One of the threads of discussion that John Paul wove through out the last few days was that of telling a story. I’ve spent enough time with JP over the years to have heard this many times before but this time — it clicked and I had one of those proverbial “ah-ha!” kind of  moments. This influenced my shooting during the workshop and by critique time yesterday, the concept of weaving a story into how I would present the images starting coming together. I needed to make the connection between water/stone/movement. It’s what I had been missing all this time, the flow of it so to speak.

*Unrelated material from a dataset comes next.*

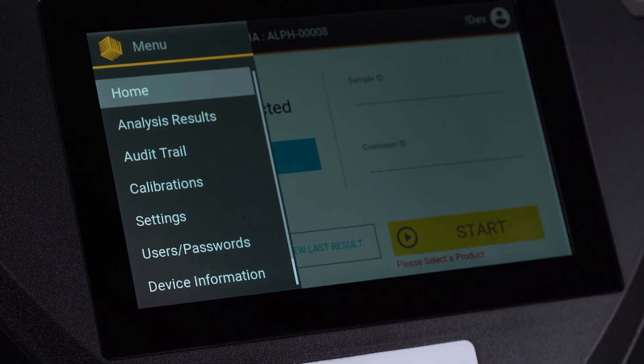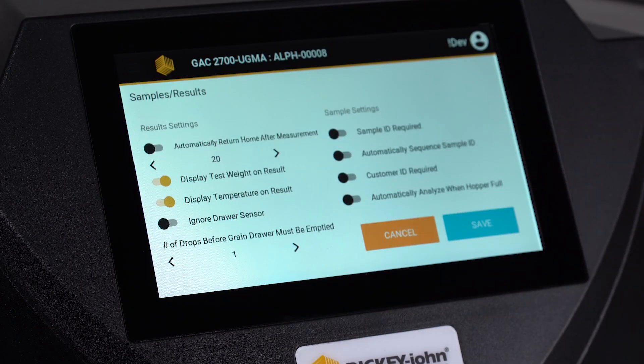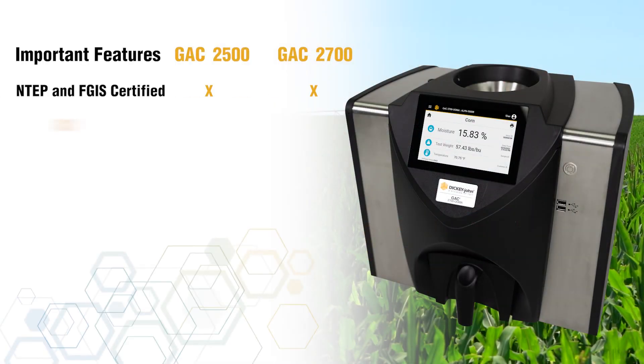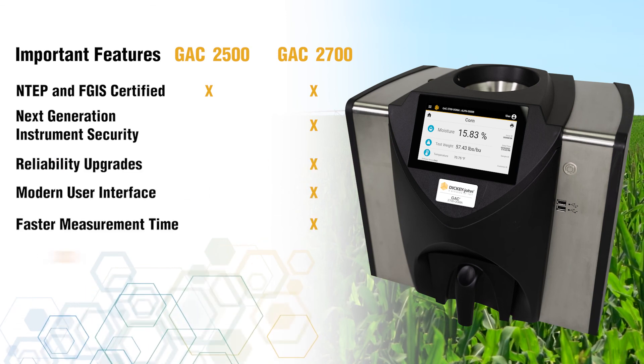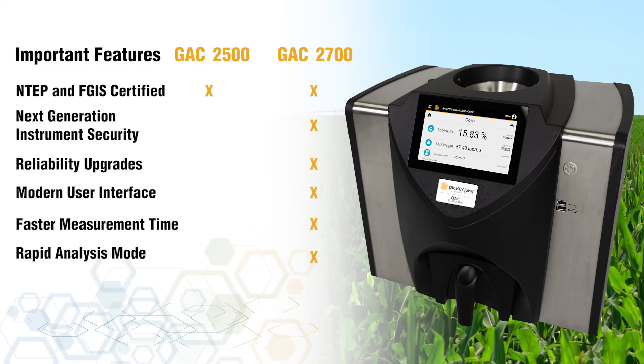The new user interface is intuitive and user-friendly, which can reduce the training time of new and seasonal employees. The GAC 2700 Grain Moisture Analyzer uses the same technology and metrology as the GAC 2500 model to deliver the most accurate measurements available with dielectric grain moisture meters.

This is the kind of experience that comes from immersing yourself into a collaborative event like one of John Paul’s workshops. You are exposed to questions, ideas, opinions, different school’s of thought, all flowing from a sense of an intimate community that he creates from a group of total strangers. Pretty cool stuff!”

Patti Russotti

Lifecycle of an artist
“Never before has imaging required us to truly think thru the options and execution of a thought to achieve an end result.

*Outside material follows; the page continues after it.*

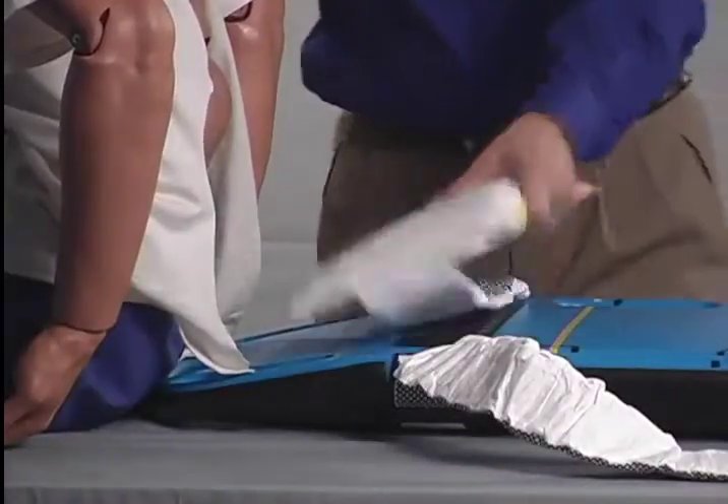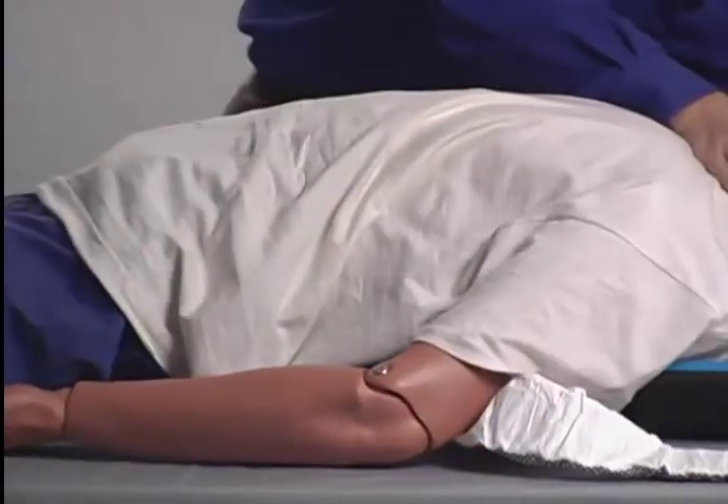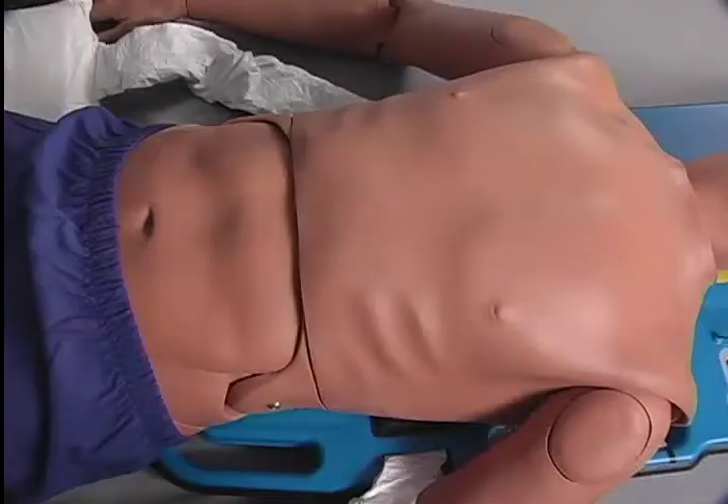Lay the patient back down on the board, ensuring the armpits are just above the yellow guideline. Remove the clothing from the patient's upper torso by pulling it down from the sleeves. It's important to remove all of the clothing from the patient's upper torso to avoid interference with device operation. In addition, the direct skin-to-board contact helps minimize the possibility of the patient sliding.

Understanding the life cycle of an image has become a critical element for photographer’s efficiency. Part of this understanding includes accepting the relationship that each decision in the process has on the next one. If we do not make informed decisions early on, think about the compositional aspects within a frame, then the image can resonate to a much higher degree and will contribute to the quality and vision of the work.
One of my theories is that we learn fixed amounts of information and then often stop learning about what has evolved. Spending a few days in the field working with a true teacher reminds me of what goes into making decisions and creating the relationships between elements to create a unified image. How to make concepts ‘stick”, resonate for each individual is a bit easier when dealing with pure technology. Linear, easier to measure results. Aesthetic, craft, craftsmanship, artisan spirit is difficult to measure, especially within a short period of time.

I found that looking thru the viewfinder, looking at an LCD display changed after putting words to the process. The ability to vocalize intentions and vision changes perspective. Spending time with people that are looking and evaluating what they create helps one more clearly define what their work may be about.
As a lifelong educator, the value of watching teaching and learning provides invaluable insights. Not only related to teaching, but to how I look at the world. I found myself asking –  Am I a Photographer today? Am I an artist collecting bits and pieces to compose with later? What happens when I mix them together and then have to select 1 image to illustrate the assignment concept? Now I remember how it feels to be a student and be faced with – ohh, yeah, the structure of an assignment ….

What does the act of placing language to the experience and the resulting images do to the overall result? One of the group members said “ I took myself off the shelf….” He went on to explain that the few days of working with the class enabled him to find the essence of his vision. He had rediscovered the childlike maturity of his youth. Another group member fully embraced his dark side to create emblematic images of his shadow side.

The images became stronger when in the proper context with each other. Either nothing or everything.”